The Illinois senator went on to answer the question about how to slow the AIDS rate, saying that the single-largest contributor is the taboo about homosexuality in the black community.
"We don't talk about it in schools, we don't talk about it in our churches, and many times this lack of communication is a product of homophobia," he said.
All three questioners were journalists of color, and the debate was moderated by prominent black television and radio host Tavis Smiley. The event brought out black leaders from across the country, including several members of the Congressional Black Caucus, the Revs. Jesse Jackson and Al Sharpton, and National Urban League President Marc Morial.
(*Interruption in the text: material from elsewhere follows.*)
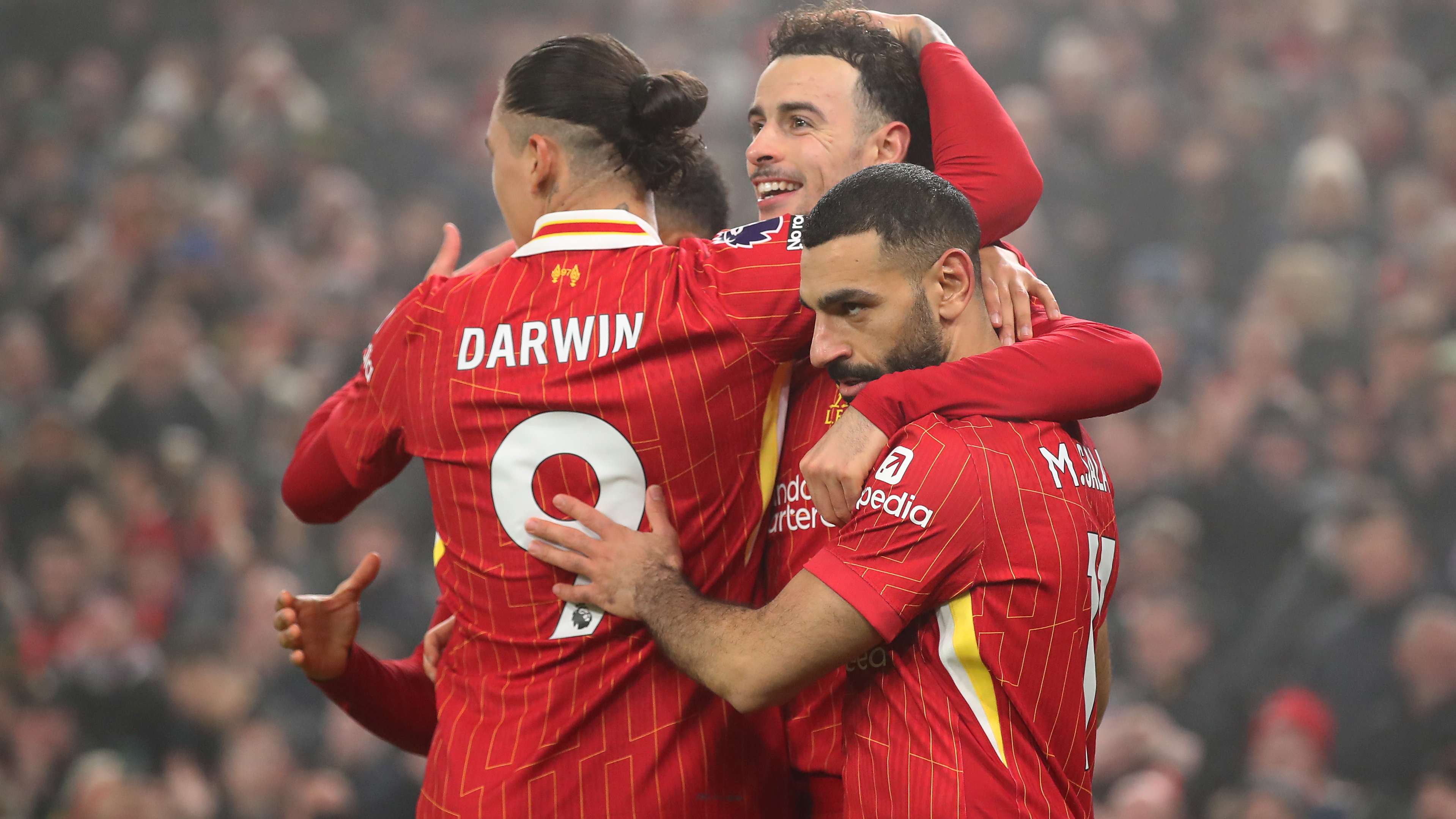 波切蒂诺对切尔西阵容结构忧虑重重令人担心未来表现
Throughout the debate racial disparities were mentioned as a key problem in the lack of educational and employment advances in minority communities. There was a consensus by all to end the Bush tax cuts, and give businesses incentives to remain in the U.S. particularly in poor communities, urban and rural.
One issue that never came up was immigration, which like the court decision, was the subject of major news earlier in the day — the defeat of Mr. Bush's bill that provides a path to citizenship and a guest-worker program.
One of the most raucous reactions was the standing ovation for Rep. Dennis J. Kucinich of Ohio when he denounced federal-mandatory-minimum sentences for felonies and drug crimes.
"We need to end the federal death penalty, and remove the disparity of sentences between crack cocaine and powder cocaine," Mr. Kucinich said, as the crowd rose to its feet.